[Data below]
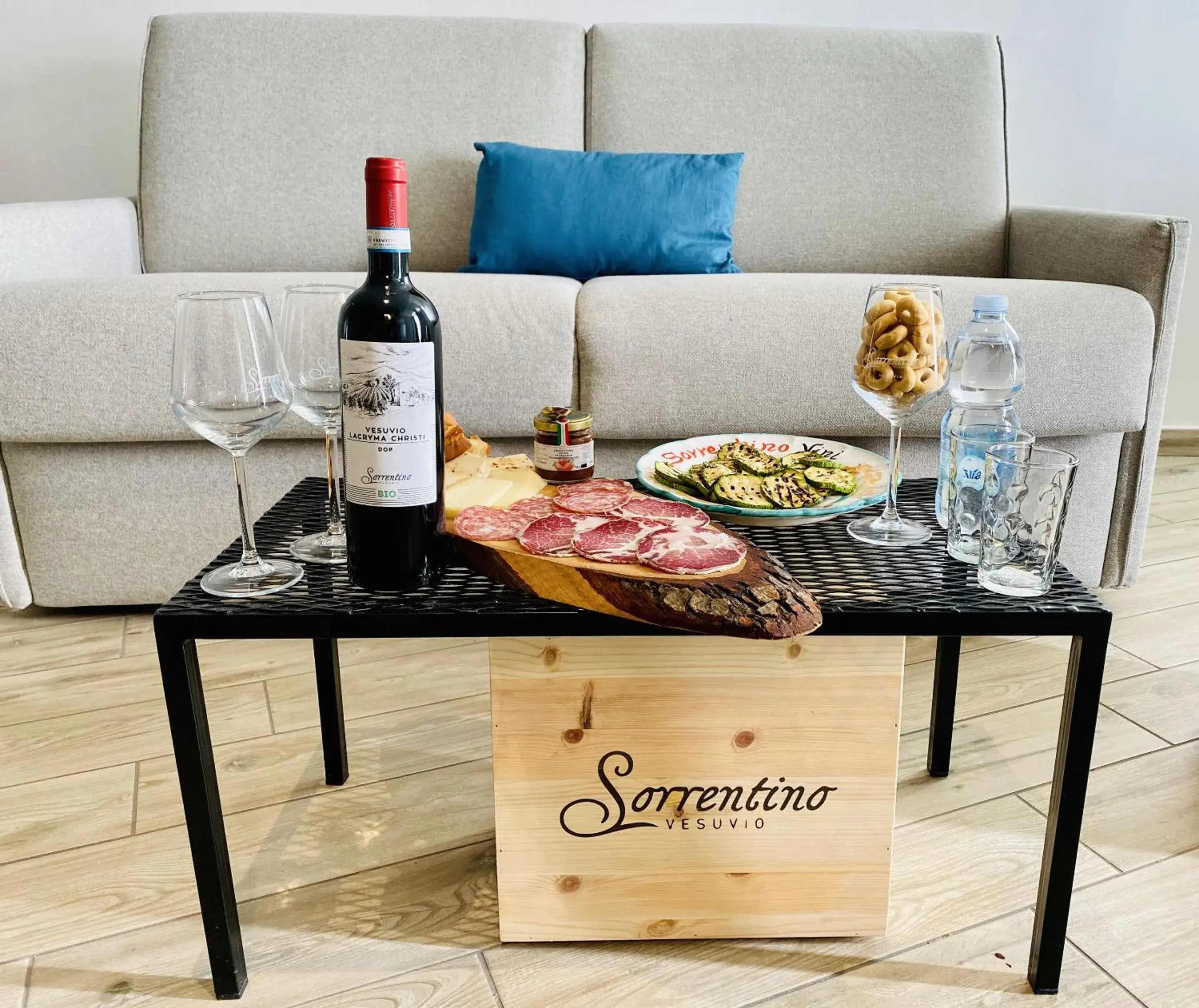 Food and drinks in Vesuvio Inn Bed & Wine Experience Food and drinks in Vesuvio Inn Bed & Wine Experience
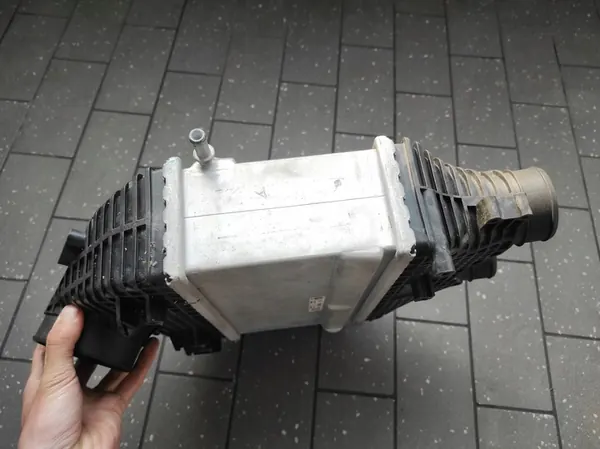 Radiatore Intercooler BMW image 4
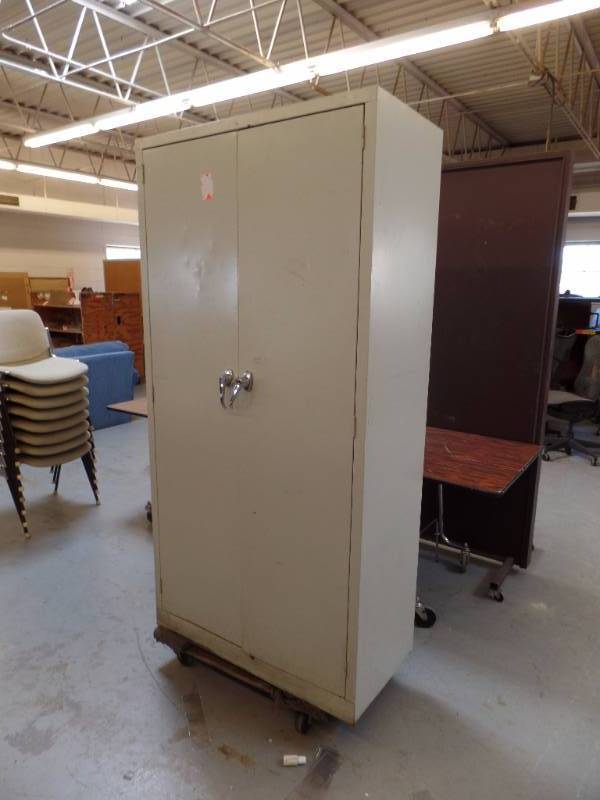 lot 225 image: Metal Storage Cabinet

[Work to be completed]
Your reply should consist solely of the lines from the one containing "Radiatore Intercooler BMW image 4" through the last line of the material, reproduced exactly and without pictures.

[Task answer]
 Radiatore Intercooler BMW image 4
 lot 225 image: Metal Storage Cabinet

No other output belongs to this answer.